# Gemma3 Multi-Adapter Serving with Stateful Inference using LMI

This notebook will demonstrates how to use LMI container to serve Gemma3 Multi-Adapter LoRA with stateful sessions enabled.

Stateful sessions is a feature that allows all requests within the same session routed to the same instance, allowing your ML application to reuse previously processed information. This reduces latency and enhances the overall user experience.

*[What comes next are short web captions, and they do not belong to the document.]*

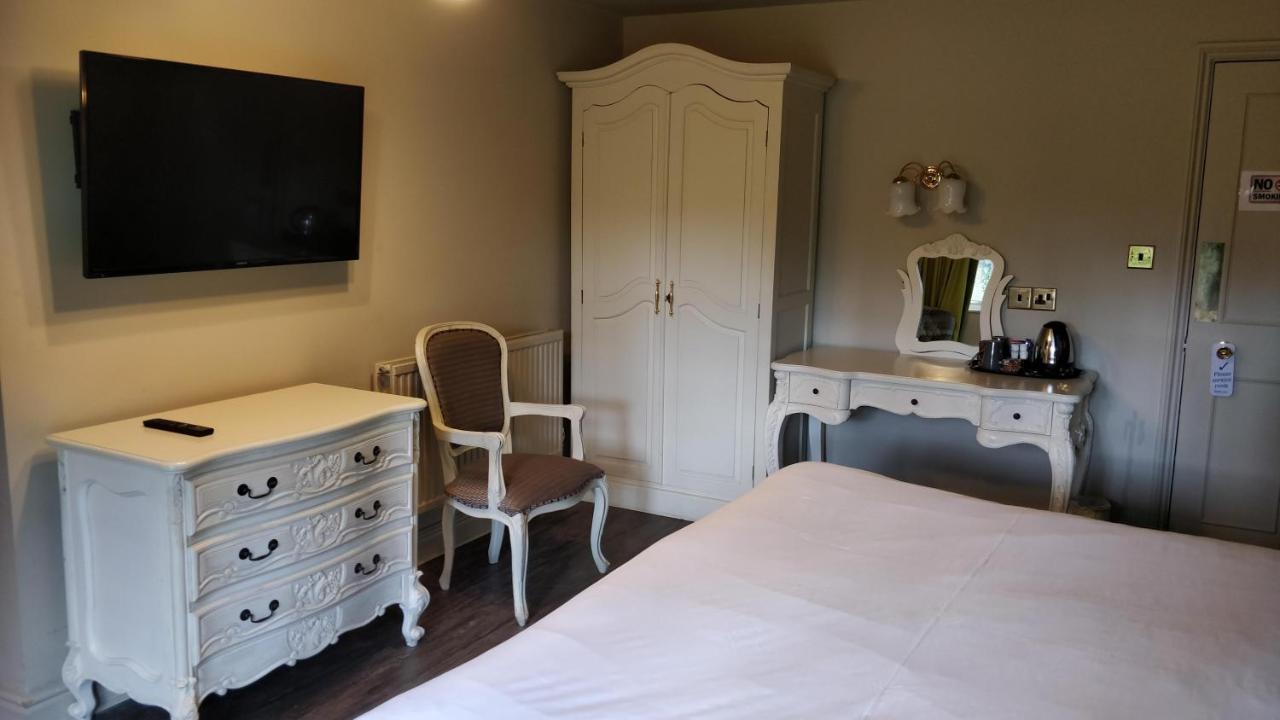 The Spread Eagle Hotel Thame Bagian luar foto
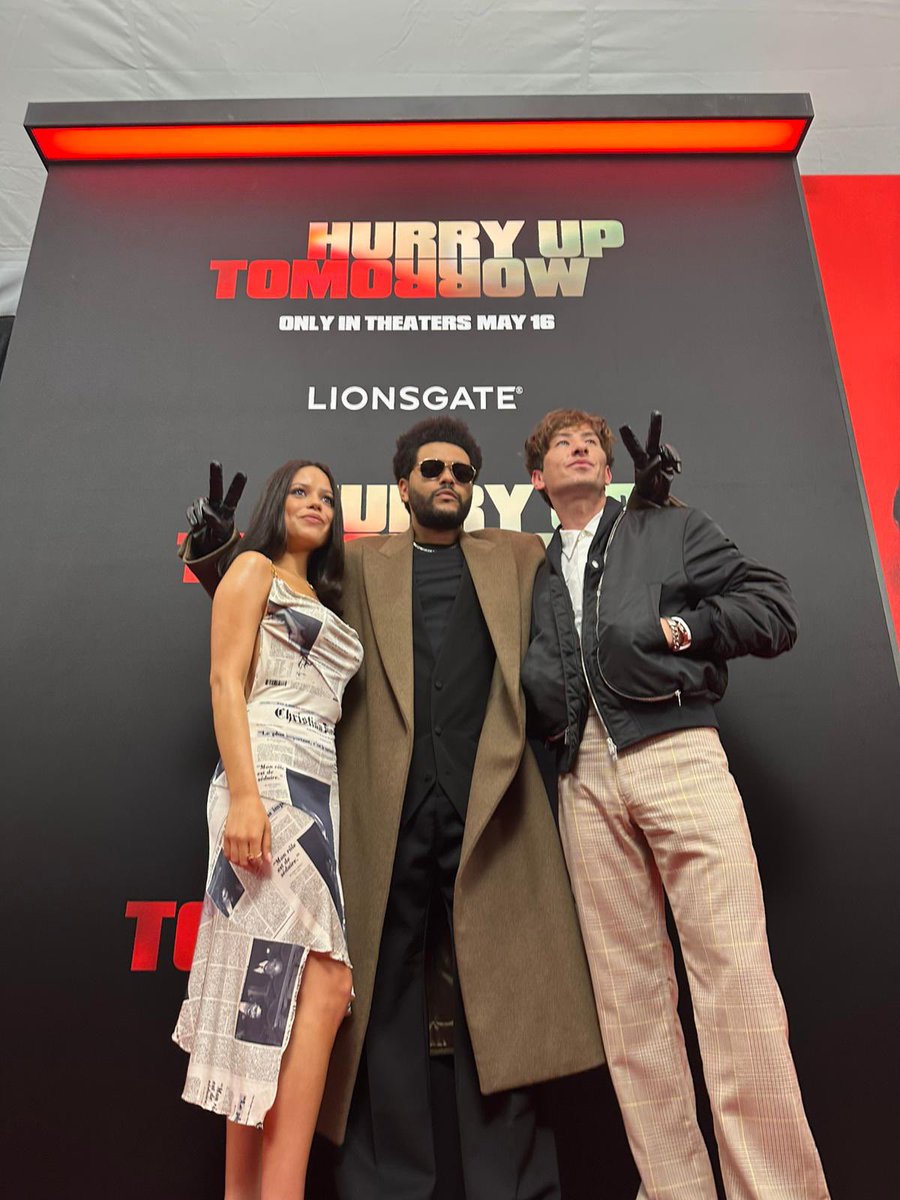 FilmUpdates's tweet photo. The Weeknd poses with co-stars Jenna Ortega & Barry Keoghan at the premiere. #HurryUpdateTomorrow https://t.co/BgWjo0j3Uk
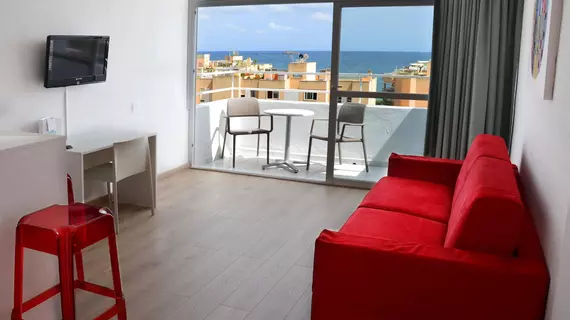 Tivoli Apartamentos | Balearic Adaları - İbiza Adası - Sant Josep de sa Talaia - Playa d'en Bossa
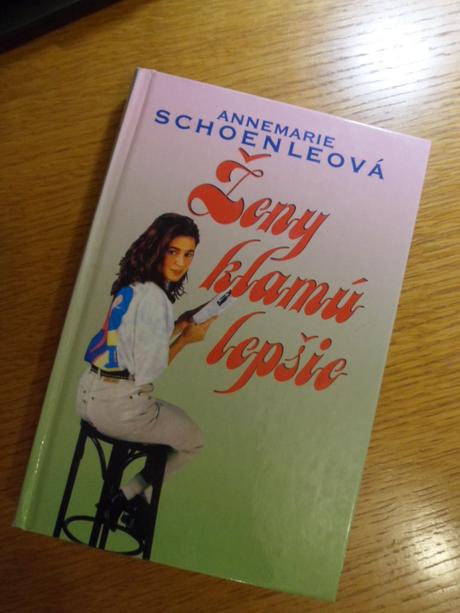 Kniha ženy klamú lepšie, 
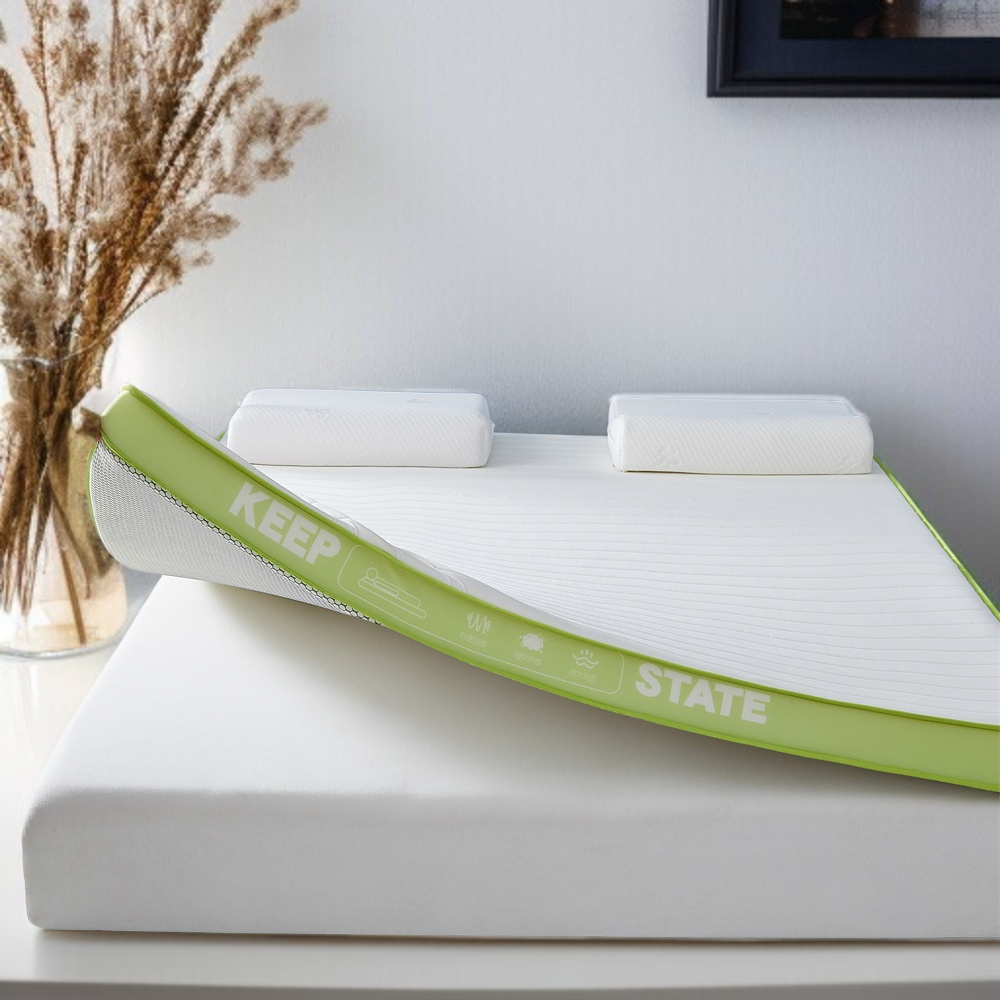 学生寮の部屋の畳マットにスポンジマットレスのスポンジを厚くしてマットの家庭用ベッドの布団を厚くする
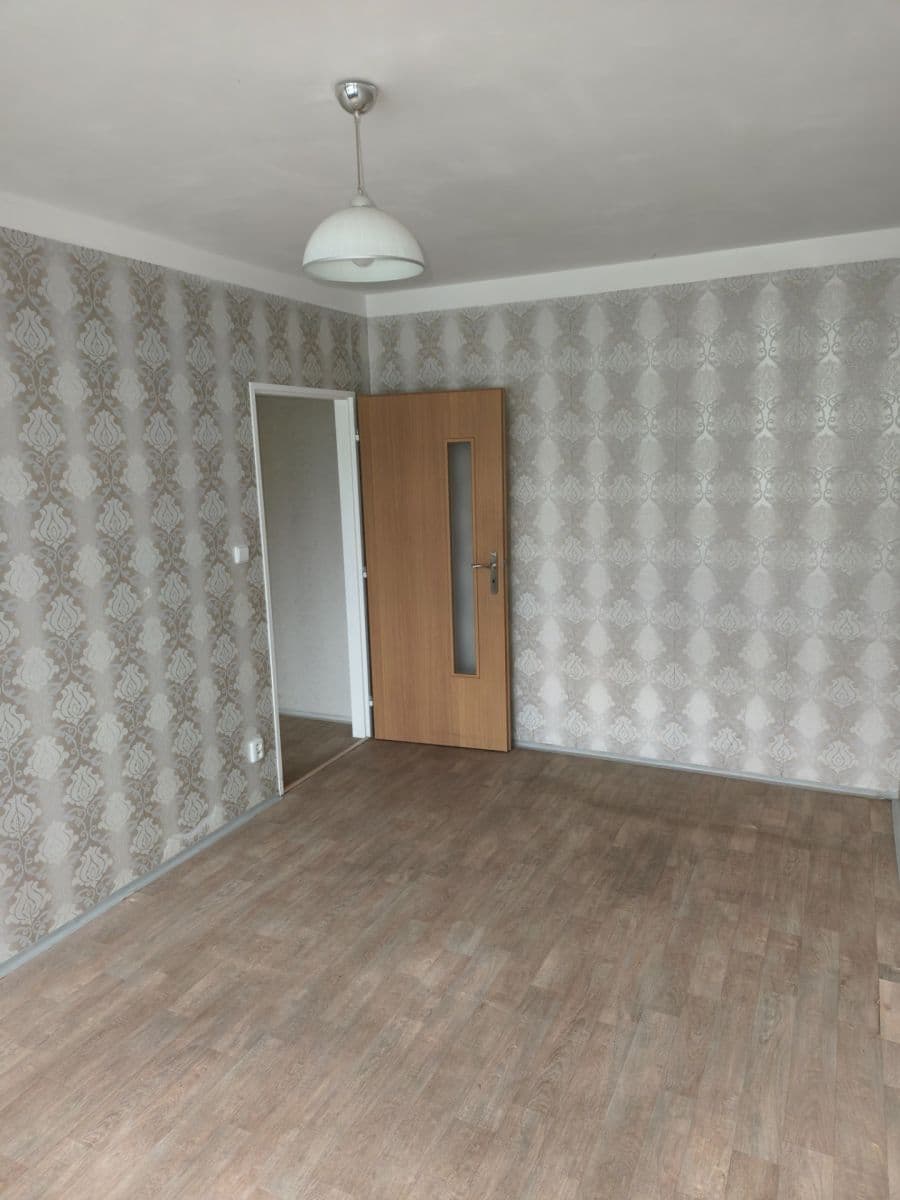 Prenájom bytu 3-izbový 76 m², Hřebečská, Kladno, Středočeský kraj Prenájom bytu 3-izbový 76 m², Hřebečská, Kladno, Středočeský kraj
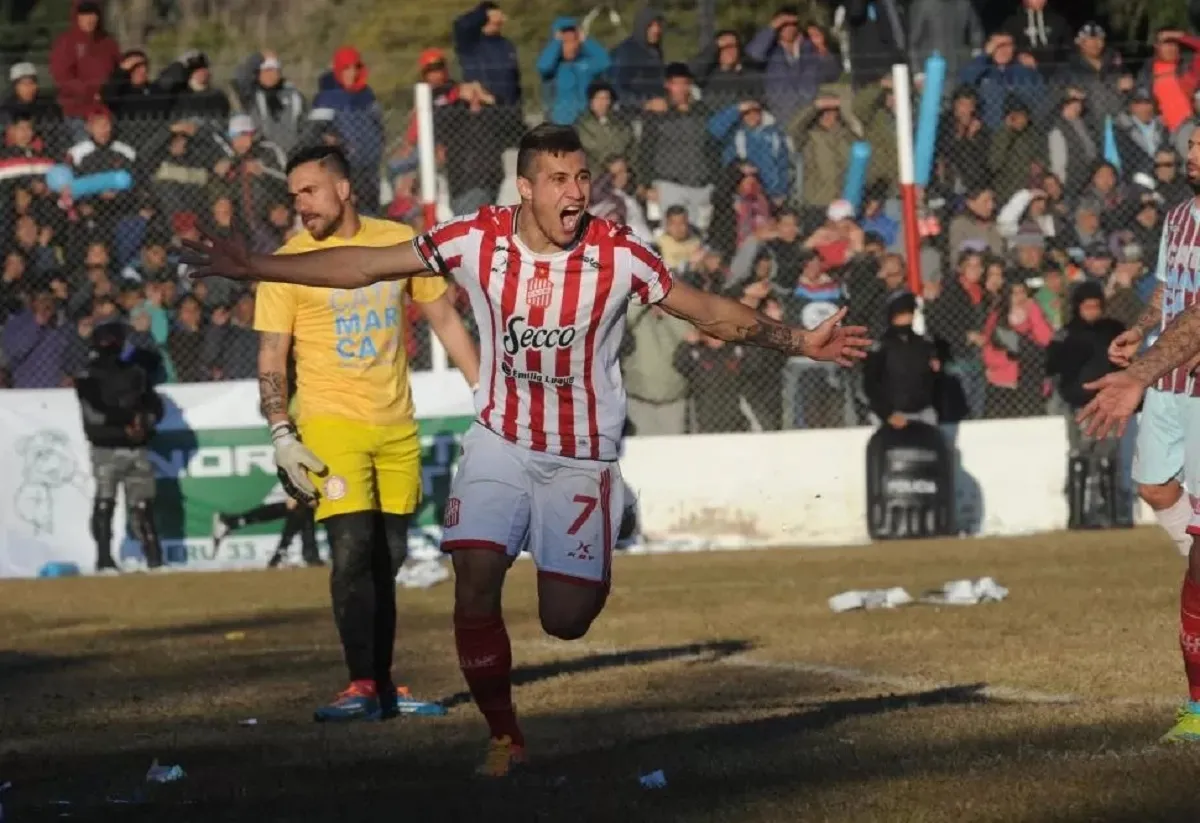 FESTEJO DE GOL. Gonzalo Rodríguez celebra su gol frente al conjunto catamarqueño. Turbo había puesto la igualdad en Andalgalá.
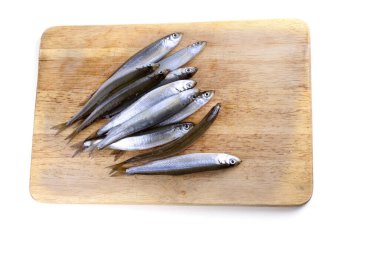 Asyalı eritilmiş balık beyazda izole edilmiş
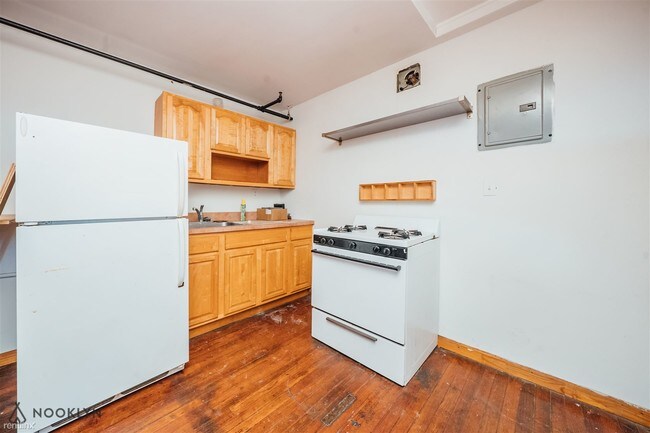 Building Photo - 27 Arion Pl
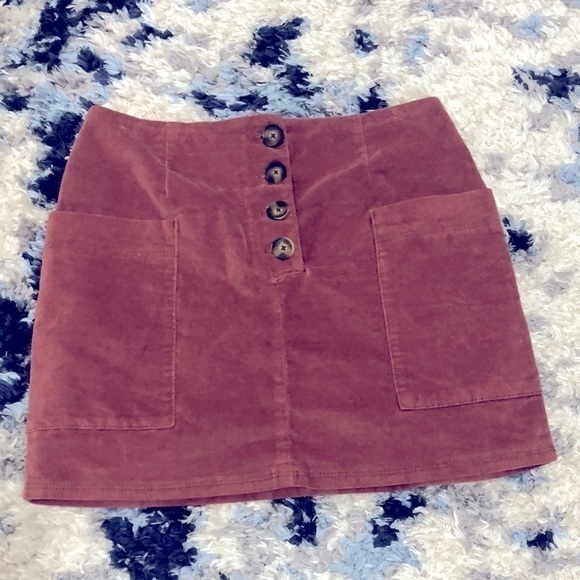 Urban Outfitters BDG Kendri Uncut Corduroy‎ Mini Skirt - Picture 15 of 16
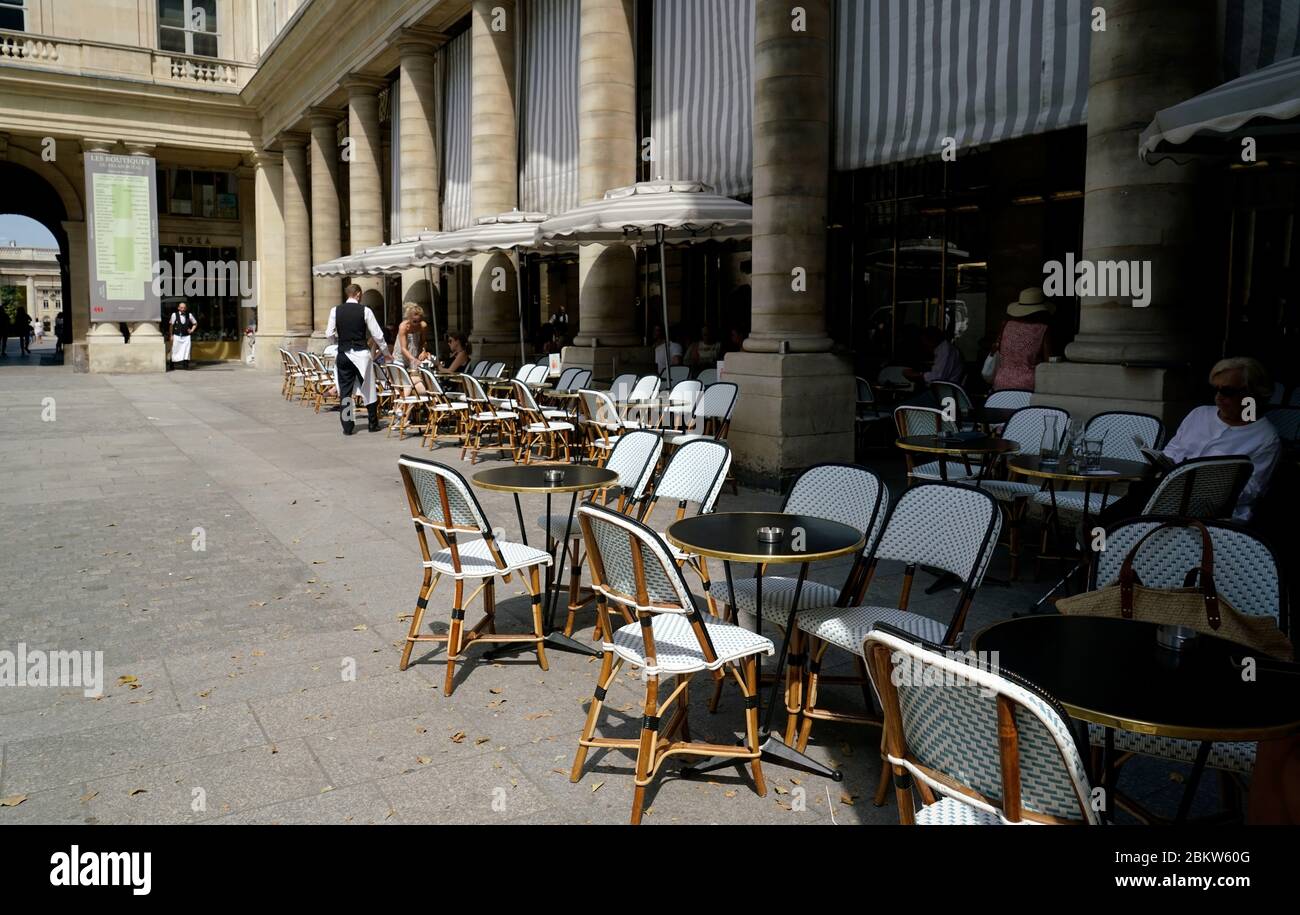 Le Nemours Cafe sur place Colette par le Palais-Royal.Paris.France Banque D'Images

Stateful sessions configurations:

* `OPTION_ENABLE_STATEFUL_SESSIONS`: Whether to enable stateful sessions support, defaults to true.
* `OPTION_SESSIONS_PATH`: Specifies the path where session data is saved, defaults to "/dev/shm/djl_sessions".
* `OPTION_SESSIONS_EXPIRATION`: Specifies time in seconds a session remains valid before it expires, defaults to 1200.

## Install Packages and Import Dependencies

In [None]:
!pip install sagemaker boto3 transformers huggingface-hub

## Deploy to SageMaker 

In [None]:
import sagemaker
import boto3
import json

print(f"boto3 version: {boto3.__version__}")
print(f"sagemaker version: {sagemaker.__version__}")

In [None]:
role = sagemaker.get_execution_role()  # execution role for the endpoint
sess = sagemaker.session.Session()  # sagemaker session for interacting with different AWS APIs
bucket = sess.default_bucket()  # bucket to house artifacts
region = sess._region_name

sm_client = boto3.client(service_name="sagemaker")
sm_runtime = boto3.client(service_name="sagemaker-runtime")

In [None]:
inference_image_uri = f"763104351884.dkr.ecr.{region}.amazonaws.com/djl-inference:0.34.0-lmi16.0.0-cu128"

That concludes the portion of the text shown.